## STORED DATA
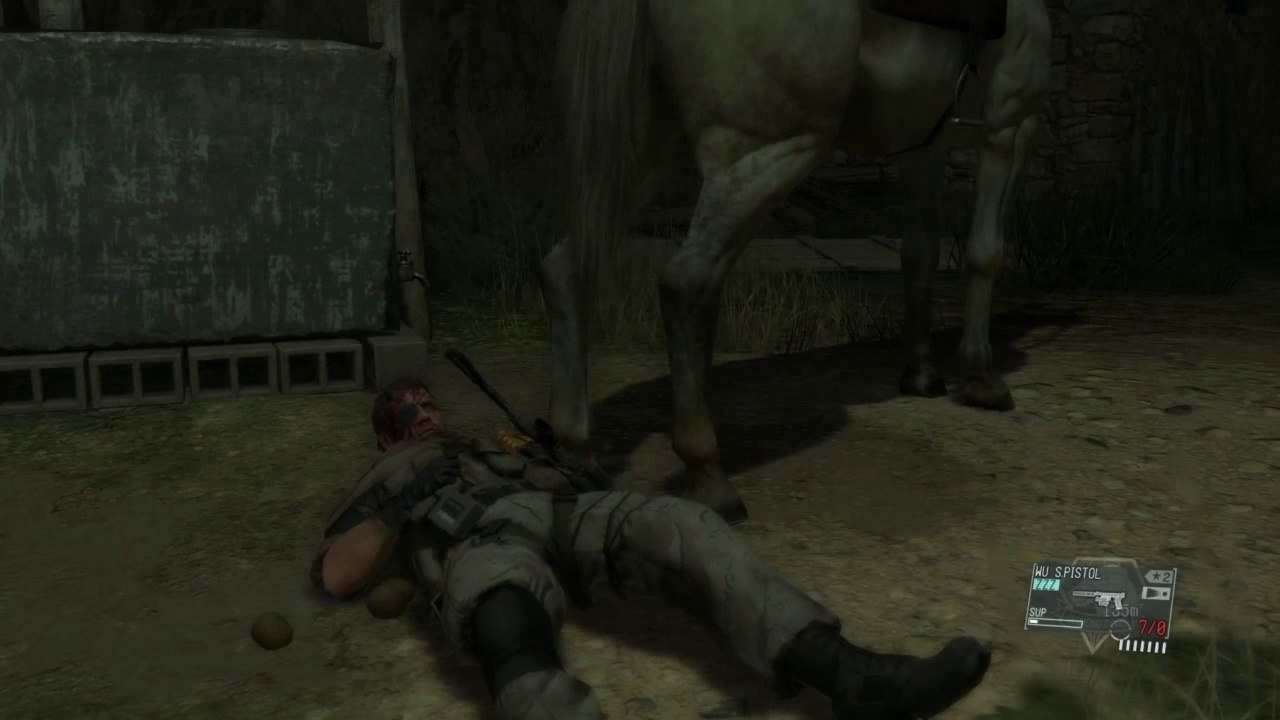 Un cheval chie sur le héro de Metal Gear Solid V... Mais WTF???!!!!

---

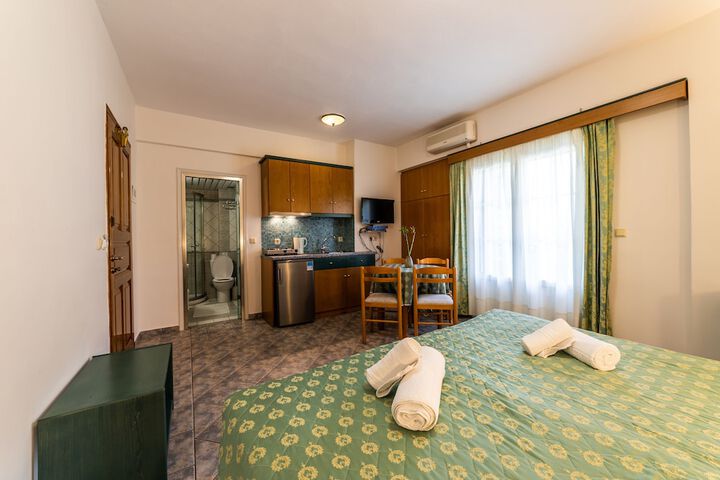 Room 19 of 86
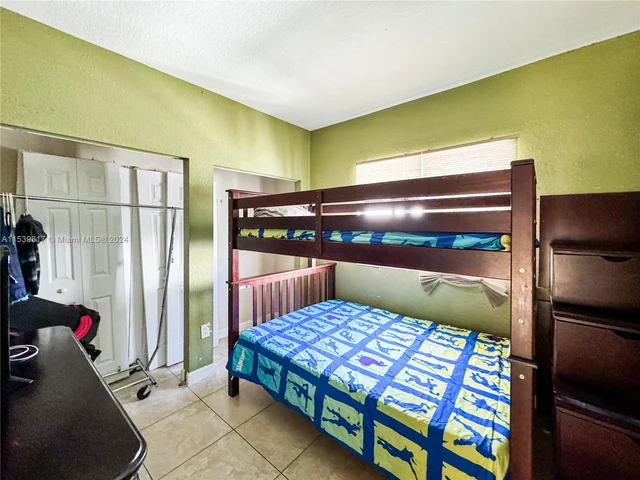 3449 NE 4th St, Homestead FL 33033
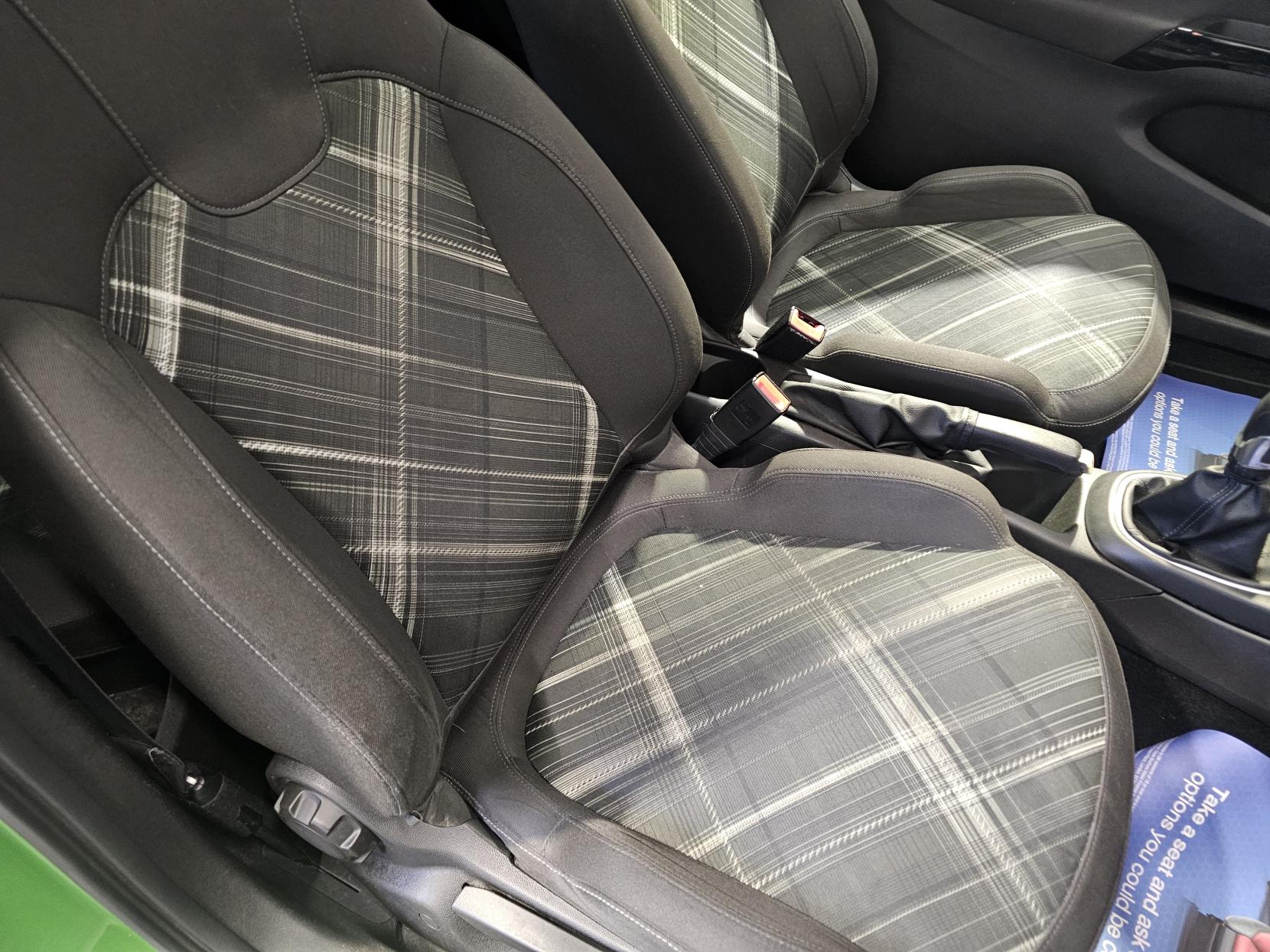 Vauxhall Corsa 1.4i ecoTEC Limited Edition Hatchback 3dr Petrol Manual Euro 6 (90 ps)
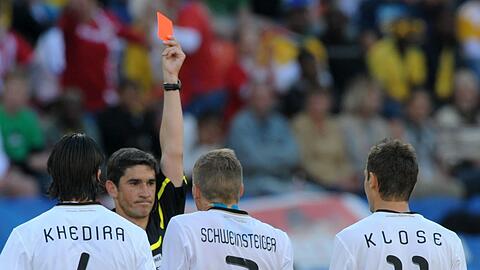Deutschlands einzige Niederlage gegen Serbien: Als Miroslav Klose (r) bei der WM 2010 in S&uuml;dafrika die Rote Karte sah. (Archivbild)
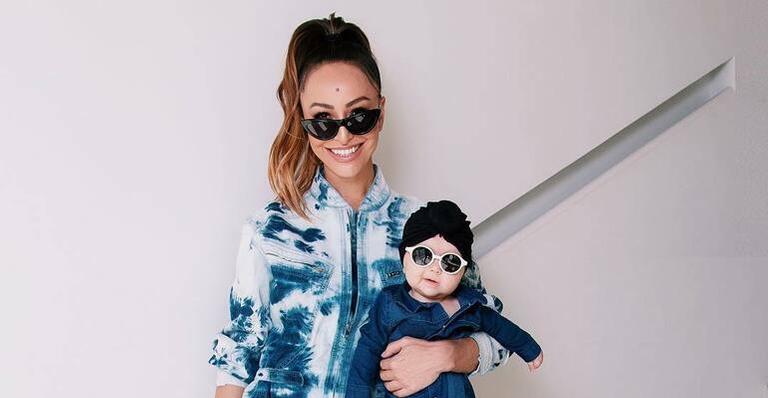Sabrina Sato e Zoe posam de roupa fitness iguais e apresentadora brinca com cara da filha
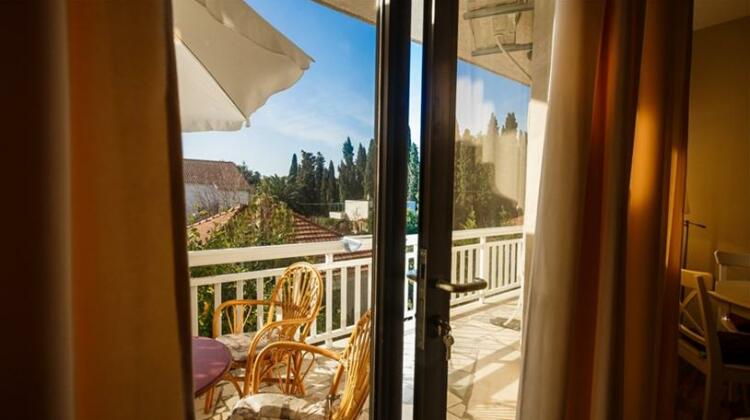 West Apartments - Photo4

---

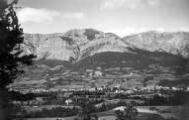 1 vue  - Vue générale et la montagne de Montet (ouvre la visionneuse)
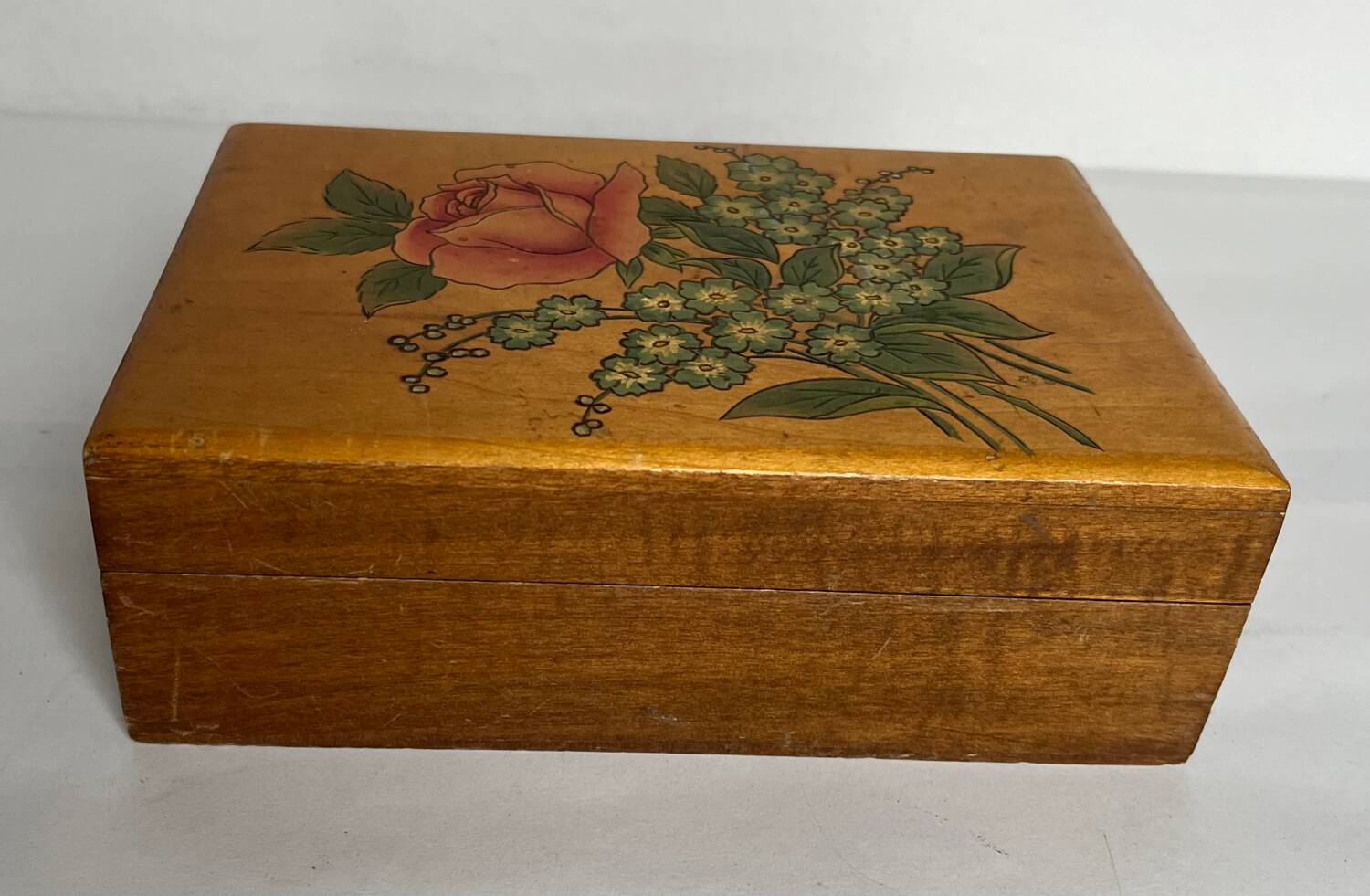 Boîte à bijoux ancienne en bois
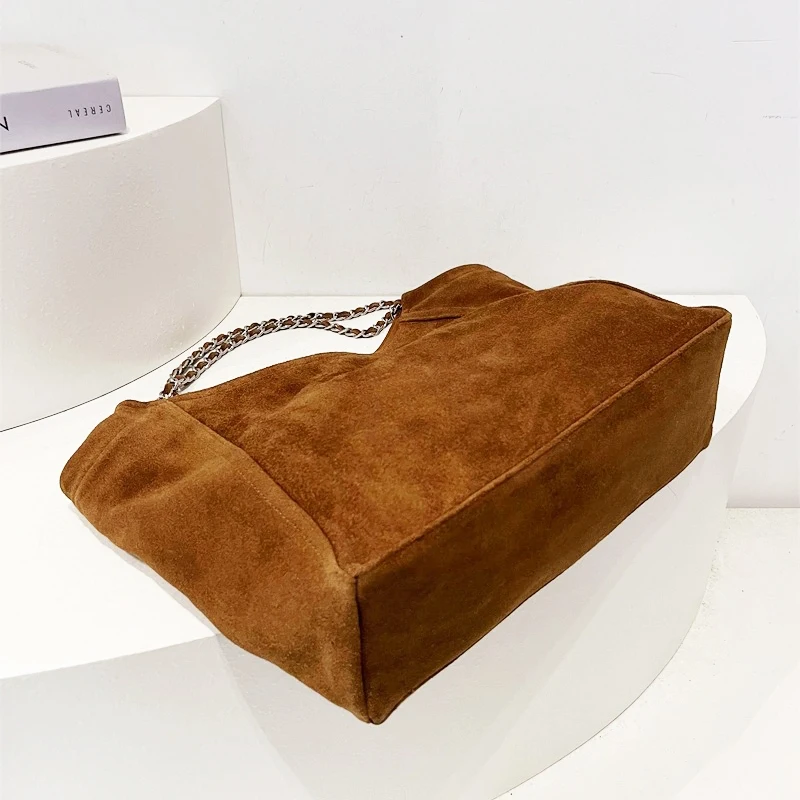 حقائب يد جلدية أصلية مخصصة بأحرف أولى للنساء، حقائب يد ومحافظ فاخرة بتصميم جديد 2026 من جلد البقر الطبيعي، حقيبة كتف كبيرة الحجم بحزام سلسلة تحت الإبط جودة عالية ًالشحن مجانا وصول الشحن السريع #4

## AIM OF THE EXERCISE
Nothing except the lines from the one containing "Deutschlands einzige Niederlage" through the one containing "West Apartments - Photo4" should appear in the answer, exactly as above and without pictures.

## SOLUTION TO THIS TASK
Deutschlands einzige Niederlage gegen Serbien: Als Miroslav Klose (r) bei der WM 2010 in S&uuml;dafrika die Rote Karte sah. (Archivbild)
Sabrina Sato e Zoe posam de roupa fitness iguais e apresentadora brinca com cara da filha
 West Apartments - Photo4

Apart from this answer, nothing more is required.